Kavanagh fait partie du chœur croissant de chercheurs en politique de la santé et en santé mondiale qui préconisent la dispense de brevets, car l'écart entre les taux de vaccination dans les pays riches et pauvres se creuse chaque jour. Moins de 1% des personnes dans les pays à faible revenu ont reçu des vaccins contre le COVID-19. Les chercheurs ne tardent pas à noter, cependant, qu'une dérogation aux brevets couvrant tous les aspects des vaccins COVID-19 ne serait que la première étape de l'augmentation de l'approvisionnement en vaccins.

Première étape de trois

«C’est un un-deux-trois», explique Rachel Cohen, directrice américaine de l’initiative à but non lucratif Drugs and Neglected Diseases à New York. «Premièrement, nous devons supprimer les obstacles liés aux brevets, deuxièmement, nous devons transférer les connaissances sur la façon de les fabriquer, et la troisième étape est un investissement massif dans la capacité de fabrication.»
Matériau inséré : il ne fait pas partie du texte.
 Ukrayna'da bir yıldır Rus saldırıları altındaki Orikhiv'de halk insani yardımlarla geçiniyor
Et pour le moment, la première étape est loin d'être terminée. L'Organisation mondiale du commerce ne négociera pas les détails des brevets à ajuster tant que tous ses pays membres ne seront pas d'accord sur une sorte de renonciation. Les analystes de la politique de la santé pensent que d'autres pays suivront les traces des États-Unis, même si l'Union européenne pourrait tenir au-delà de la fin de la réunion. L'Afrique du Sud et l'Inde ont proposé des dérogations sur les brevets, non seulement sur les vaccins, mais aussi sur les dispositifs médicaux, les médicaments et les technologies de diagnostic liés au COVID-19; jusqu'ici, la déclaration de Tai ne mentionne que les vaccins.
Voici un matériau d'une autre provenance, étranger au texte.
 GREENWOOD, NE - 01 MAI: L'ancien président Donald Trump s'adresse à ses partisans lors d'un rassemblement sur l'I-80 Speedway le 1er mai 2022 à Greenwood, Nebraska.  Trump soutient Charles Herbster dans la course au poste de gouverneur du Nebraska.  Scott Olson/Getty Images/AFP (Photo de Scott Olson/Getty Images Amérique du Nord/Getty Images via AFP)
Les fabricants de médicaments et d’autres qui s’opposent à la mesure affirment que les dérogations sabotent les énormes investissements des entreprises dans le développement de médicaments et de vaccins, qui sont compensés par leur capacité à fixer le prix des produits qu’elles possèdent exclusivement. Normalement, les brevets récompensent les sociétés pharmaceutiques en protégeant leurs inventions de la concurrence des génériques pendant une durée limitée - les brevets américains sur les médicaments durent généralement 20 ans.

Le contrecoup de l'industrie pharmaceutique

le philanthrope mondial de la santé et cofondateur de Microsoft Bill Gates s'est opposé aux dérogations de propriété intellectuelle, affirmant que les fabricants de génériques ne pouvaient pas accélérer la production et que la qualité des vaccins pourrait être compromise. Après l'annonce de la dérogation du gouvernement américain, le groupe industriel Pharmaceutical Research and Manufacturers of America a publié une déclaration faisant écho à ces points, affirmant: «L'administration Biden a pris une mesure sans précédent qui sapera notre réponse mondiale à la pandémie et compromettra la sécurité.»
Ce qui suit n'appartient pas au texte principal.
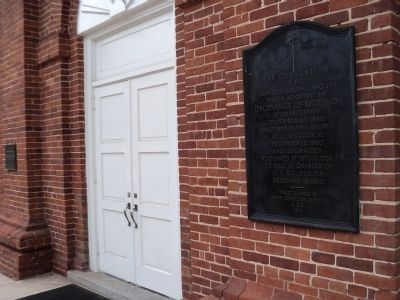 Markers at the First Baptist Church image. Click for full size.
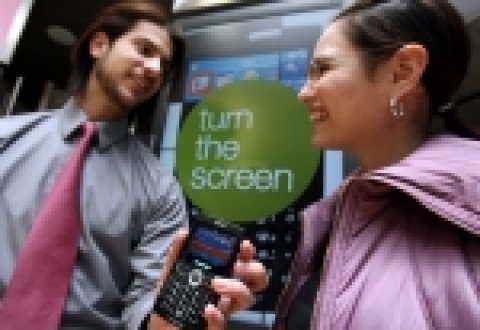 뉴욕 시내 타임워너빌딩 내에 있는 삼성전자 전시장 '삼성 익스피리언스'를 찾은 방문객이 삼성전자 블랙잭에 대해 문의하고 있다.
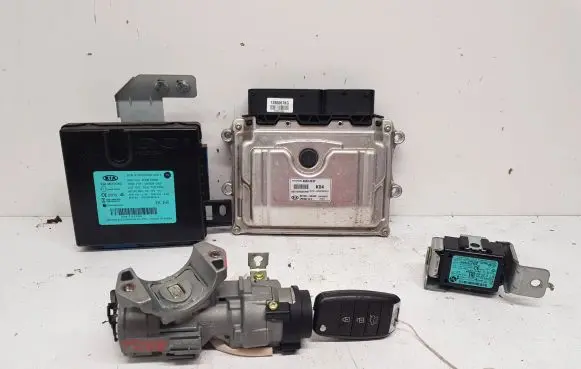 KIA Stonic Engine control unit/module 3912804040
Les partisans de la dérogation ne sont pas d'accord, soulignant que les fabricants de génériques fournissent au monde des vaccins et des médicaments de haute qualité depuis des années. Ils soulignent que les contribuables ont contribué à payer la facture pour le développement de plusieurs vaccins COVID-19, et affirment que l'affirmation selon laquelle les sociétés pharmaceutiques doivent récupérer tous les coûts est donc injuste - en particulier pendant une crise. Cependant, plusieurs autres obstacles doivent être surmontés, comme celui de s'assurer que la distribution est équitable.

Cohen déclare : "Ces vaccins sont un triomphe sans précédent pour la science, mais si seulement 20% ou 30% du monde finit par en bénéficier, quel est l'intérêt de l'innovation?"

Cet article est reproduit avec autorisation et a été publié pour la première fois le 6 mai 2021.